No order entered under this act [30-12-1 to 30-12-11 NMSA 1978] may authorize or approve the interception of any wire or oral communication for any period longer than is necessary to achieve the objective of the authorization, nor in any event longer than thirty days. Extensions of an order may be granted, but only upon application for an extension, made in accordance with Section 30-12-3 NMSA 1978, and if the court makes the findings required by Section 30-12-4 NMSA 1978. The period of extension shall be no longer than the authorizing judge deems necessary to achieve the purpose for which it was granted, and in no event longer than thirty days. Every order and extension thereof shall contain a provision that the authorization to intercept shall be executed as soon as practicable, shall be conducted in such a way as to minimize the interception under this act and shall terminate upon attainment of the authorized objective, or in any event within thirty days. Whenever an order authorizing interception is entered pursuant to this act, the order may require reports to be made to the judge who issued the order, showing what progress has been made toward achievement of the authorized objective and the need for continued interception. The reports shall be made at such times as the judge may require.
History: 1953 Comp., § 40A-12-1.5, enacted by Laws 1973, ch. 369, § 6.
Interception of nonrelevant conversations. — This section does not forbid interception of all nonrelevant conversations, but, like the federal statute, mandates the government to conduct the surveillance so as to minimize the interception of such conversations. Factors to be considered in determining whether the government acted reasonably in a given case may include, but are not limited to, the complexity of the criminal operation, whether the callers are using ambiguous or coded language, whether the applicable telephone is public or residential, the length of time of the wiretap and of the telephone calls, and the extent of judicial supervision. State v. Manes, 1991-NMCA-025, 112 N.M. 161, 812 P.2d 1309, cert. denied, 112 N.M. 77, 811 P.2d 575, and cert. denied, 502 U.S. 942, 112 S. Ct. 381, 116 L. Ed. 2d 332 (1991).

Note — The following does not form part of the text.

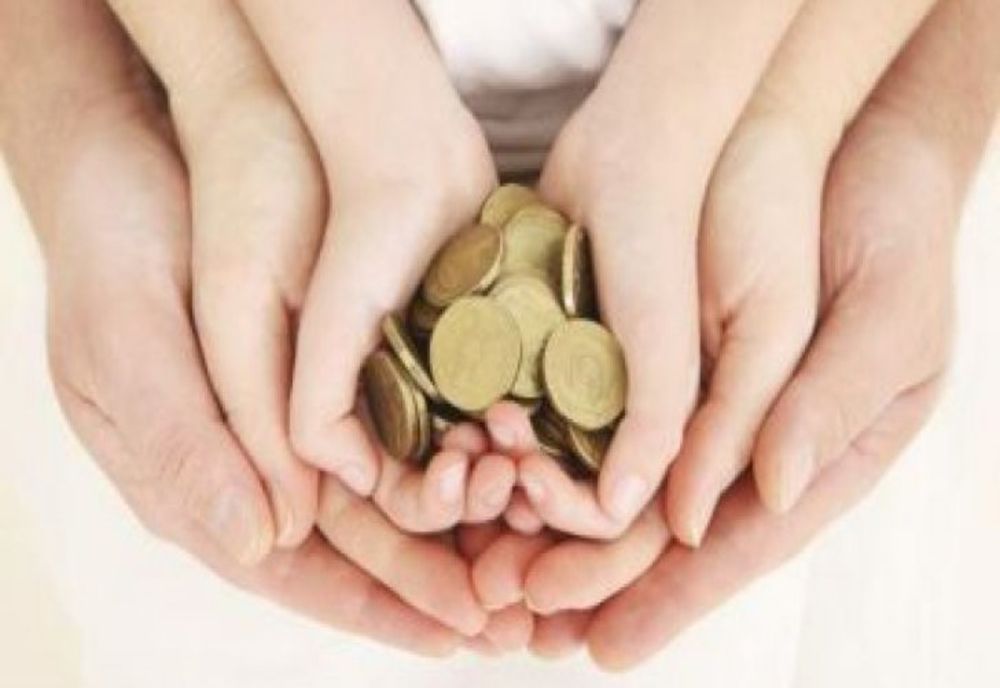 Noi decizii pregătite de Guvern pentru concediul şi indemnizaţia lunară pentru creşterea copiilor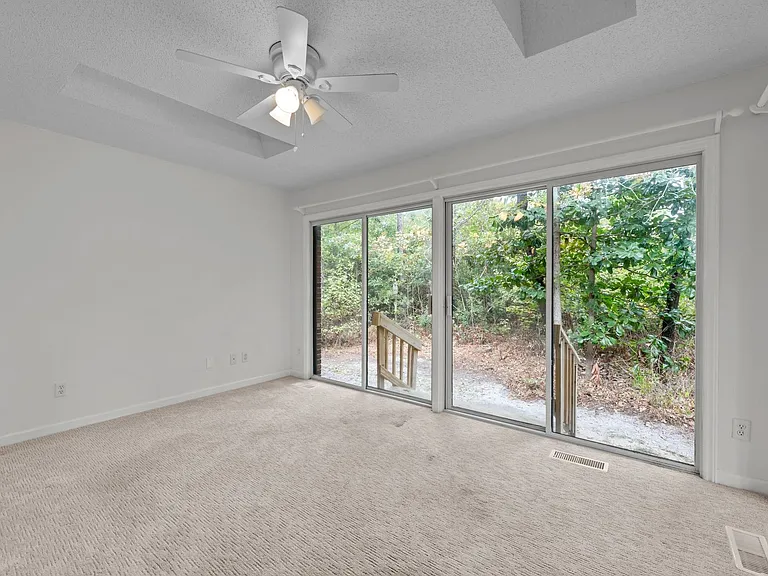 5403 Miramar Ct — Photo 7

The defendant argued that the police, who wiretapped his phone, failed to properly minimize the interception of unauthorized communications, those involving his wife, mother, and children. To prevail, he had to show a pattern of interception of innocent conversations which developed over the period of the wiretap; it was insufficient if he merely identified particular calls which he contended should not have been intercepted. State v. Manes, 1991-NMCA-025, 112 N.M. 161, 812 P.2d 1309, cert. denied, 112 N.M. 77, 811 P.2d 575, and cert. denied, 502 U.S. 942, 112 S. Ct. 381, 116 L. Ed. 2d 332 (1991).
Law reviews. — For survey of 1990-91 criminal procedure and evidence, see 22 N.M.L. Rev. 713 (1992).